Choosing Personal Honor
DEAR HARRIETTE: My boss asked me to break company rules. He asked me to rummage through confidential files to find a document that he needs in order to prove a point in a meeting with the big bosses. I really don’t think I should do something like that. I don’t think it would be considered breaking the law, but I know the bosses would be mad as hell that we broke into their offices while they were at home sleeping. If I say no, I feel I could lose my job. I don’t know what to do. I think if I tell any of my bosses, I’m screwed. They probably will be mad and take it out on me. What in the world should I do? — Ella, Denver, Colo.
Dear Ella: All you have is your integrity. If you compromise your basic values today, what will you do tomorrow? That’s a question you must contemplate now. If your boss is willing to ask you to cheat to save him, what do you think he will ask you to do next? The possibilities are endless, and none of them bodes well for you. You are in a position now where you may have to choose your honor, even if it means putting your job at risk.
Does that sound nuts? Maybe. But think about it. Once you are willing to cheat for another, you prove to yourself and the other person that you are willing to be dishonest, that you can be “bought,” as it were, for a price — whether the price is your job or something else. Are you ready to live with that reflection of your personality?
If not, don’t do it. Tell your boss that while you are perfectly willing to do anything ethical to support your department, you are unwilling to break the rules. Tell him that you are happy to ask to make a copy of the document in question, even if that means you will have to take heat from the big bosses. Offer to be the fall guy for securing the document through “legal” means, but make it clear that you will not covertly “steal” the document.
Report your boss’ request to human resources if you are concerned about repercussions.
Addressing the Smell of Someone He Loves
DEAR HARRIETTE: My girlfriend has significant body odor. I love her and can’t think of being with anyone else. But the BO is serious. Sometimes I can’t stand it. Her work gets her sweaty, I know. She has a physical job. But when she comes to see me, I need her to take a shower or something! Is that too much to ask? If we are going to stay together, I am really going to need her to get this under control. I don’t want to hurt her feelings, but I know me. It won’t work. — Larry, Washington, D.C.

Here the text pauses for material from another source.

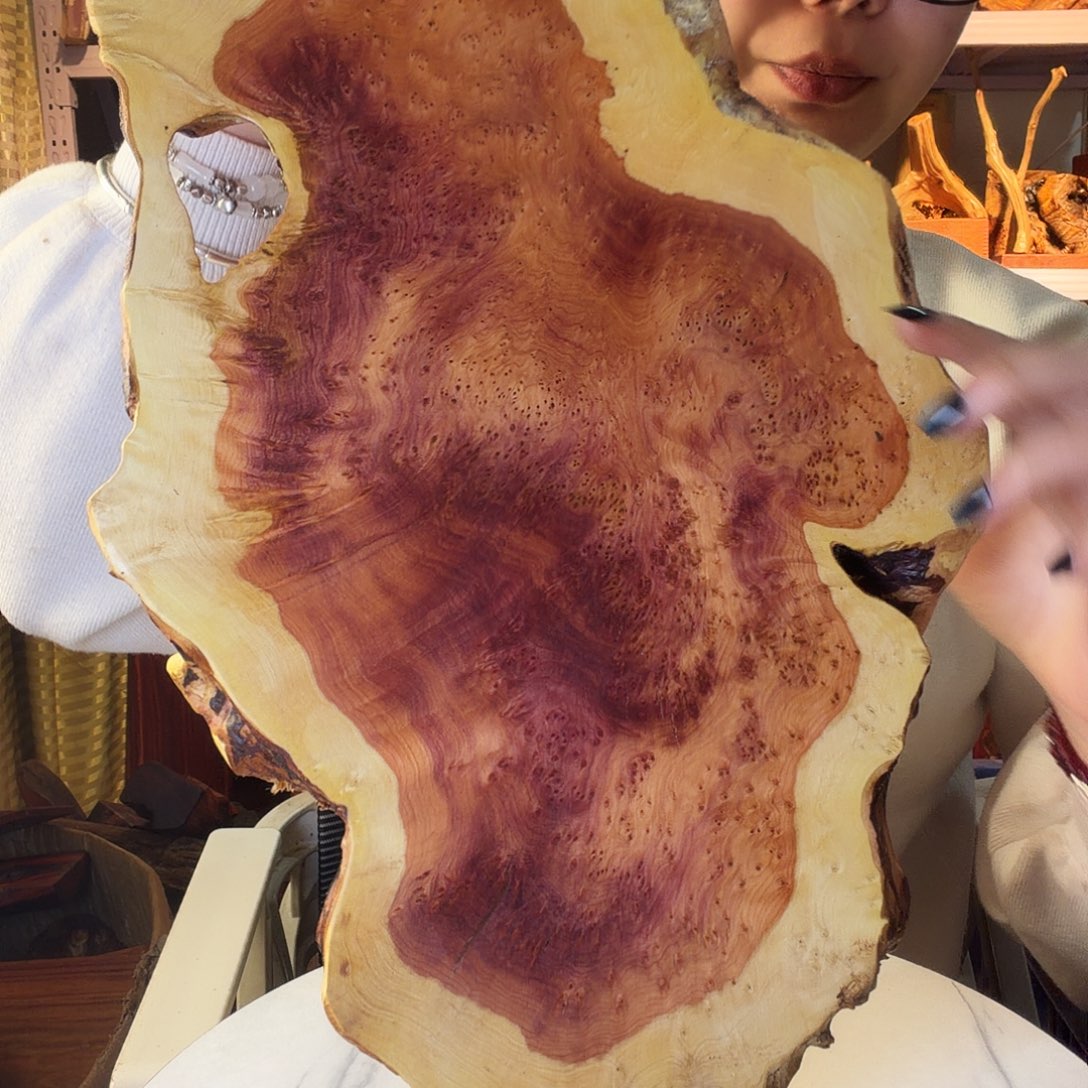 紫檀木类端景台千*千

Dear Larry: Part of the attraction that most people have for each other includes how they smell. Scent makes a huge difference as it relates to how people engage with each other. To that end, there must have been something about the way this woman smelled that attracted you in the beginning. Can you figure out what changed? Could your girlfriend have a medical condition? That’s possible. If so, encourage her to see a doctor.
As tough as it may seem, you must address the body-odor issue with her. Be honest and direct. Tell her the smell is a turnoff, and you are concerned. Get her to talk about it, and go to the doctor to check it out.
How Do I Handle My Pot-Smoking Neighbor?
DEAR HARRIETTE: I live in an apartment building, and my next-door neighbor seemed to be a nice enough guy. But then I started noticing the smell of weed coming out of his apartment. Now I’m not a prude or anything, but he doesn’t even try to mask it.
Recently, I hosted a small party at my apartment, and to my horror, the hallway was filled with smoke when we stepped out of the elevator. I was so embarrassed. I want to say something, but I don’t know how to approach this. I don’t want to be a prisoner in my own home. — Ellen, Brooklyn, N.Y.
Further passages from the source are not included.